__Problem description__: Copy task for the material below: print the line with "三鲜面,另起一锅,锅中倒入少许油,加热至五成热,放入大虾,煎至金黄。" and every line after it to the end, exactly as written, without the pictures.
[Supplied information Boundary: Start]
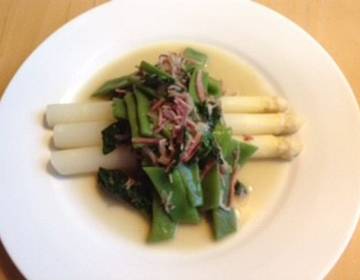 Spargel mit Bohnen-Blattspinat-Gemüse und Speck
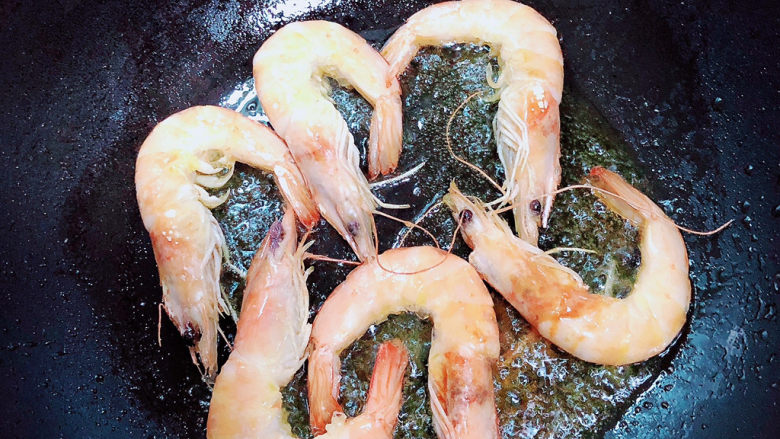 三鲜面,另起一锅,锅中倒入少许油,加热至五成热,放入大虾,煎至金黄。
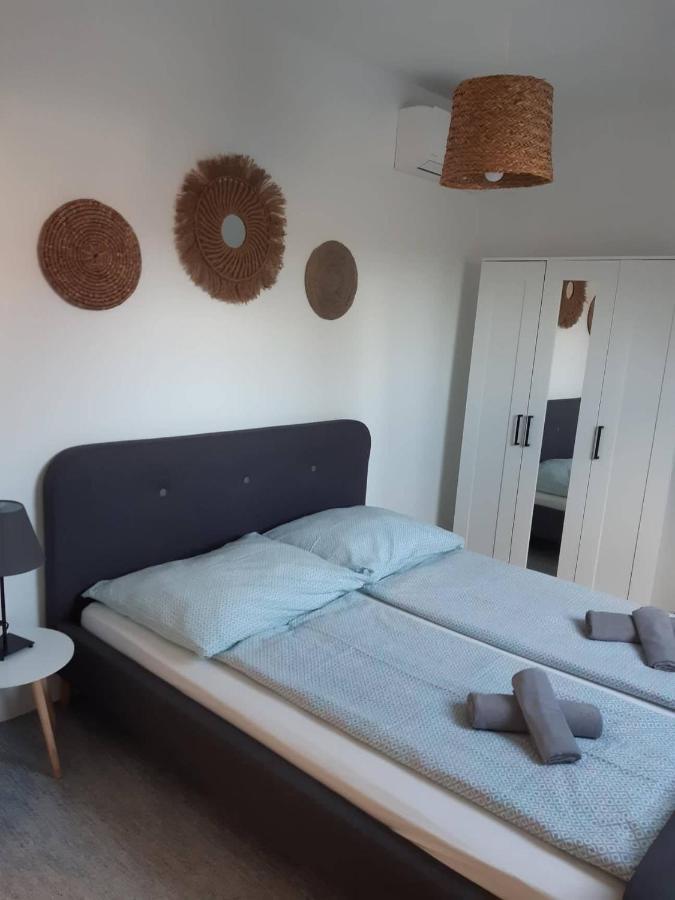 Apartman Soos -- Only For Relaxation, Not For Party! Сиофок Екстериор снимка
[Supplied information Boundary: End]
__Exercise solution__:
 三鲜面,另起一锅,锅中倒入少许油,加热至五成热,放入大虾,煎至金黄。
 Apartman Soos -- Only For Relaxation, Not For Party! Сиофок Екстериор снимка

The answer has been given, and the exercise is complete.